2013 UT App 196
_________________________________________________________
THE UTAH COURT OF APPEALS
D. DOUGLAS VELANDER,
Plaintiff and Appellant,
v.
LOL OF UTAH, LLC, AND KEVIN G. RICHARDS,
Defendants and Appellee.
Per Curiam Decision
No. 20130391‐CA
Filed August 1, 2013
Second District, Ogden Department
The Honorable Mark R. DeCaria
No. 080905254
Samuel A. Hood, Attorney for Appellant
Kevin G. Richards, Appellee Pro Se
Before JUDGES ORME, DAVIS, AND MCHUGH.
PER CURIAM:
¶1 D. Douglas Velander appeals the district court’s April 4,
2013 order. We reverse and remand.
¶2 A motion filed pursuant to rule 59 of the Utah Rules of Civil
Procedure “shall be served not later than ten days after the entry of
the judgment.” Utah R. Civ. P. 59(b). When a rule 59 motion is not
filed timely, the district court is required to deny the motion.
Burgers v. Maiben, 652 P.2d 1320, 1321 (Utah 1982). The district
court granted Richards’s motion to dismiss on December 21, 2012.
On January 10, 2013, Velander filed a rule 59 motion to amend the
judgment.

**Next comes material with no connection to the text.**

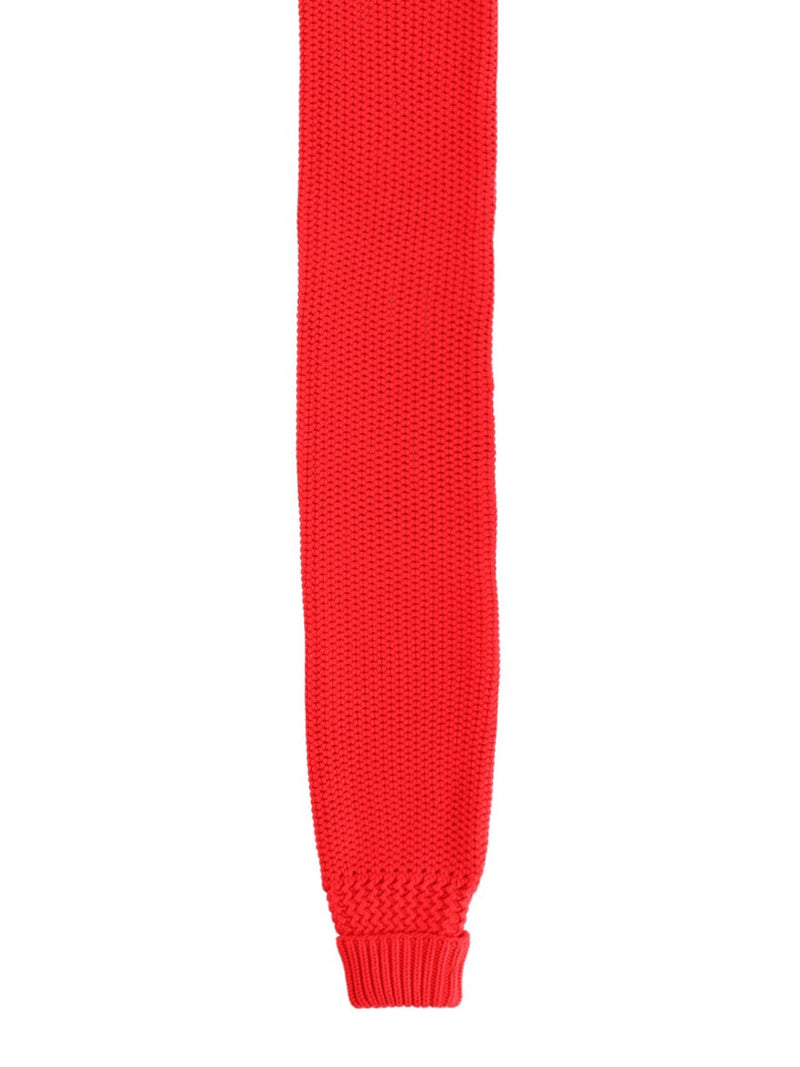 Ymc Cotton Scarf — Red Scarfs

On April 4, 2013, the district court denied the rule 59
motion on the ground that it was not filed within ten days after the
entry of the judgment.
Velander v. LOL of Utah, LLC and Richards
¶3 However, rule 54 of the Utah Rules of Civil Procedure
defines a judgment as “any order from which an appeal lies.” Utah
R. Civ. P. 54(a). To be appealable, an order contemplated as a final,
appealable order by the district court “must explicitly direct that no
additional order is necessary.” See Giusti v. Sterling Wentworth
Corp., 2009 UT 2, ¶¶ 30–36, 201 P.3d 966. Otherwise, when the
district court does not expressly direct that its order is the final
order of the court, rule 7(f)(2) of the Utah Rules of Civil Procedure
requires the prevailing party to prepare and file an order to trigger
finality for purposes of appeal. See id. ¶ 30. If the prevailing party
does not prepare and file an order in accordance with rule 7(f)(2),
the non‐prevailing party may do so. See id. ¶ 38.
¶4 The time period for filing a rule 59 motion runs from the
date of entry of an appealable order. See Utah R. Civ. P. 54(a). The
December 21, 2012 order was not appealable because it failed to
comply with the requirements set forth in Giusti and rule 7(f)(2).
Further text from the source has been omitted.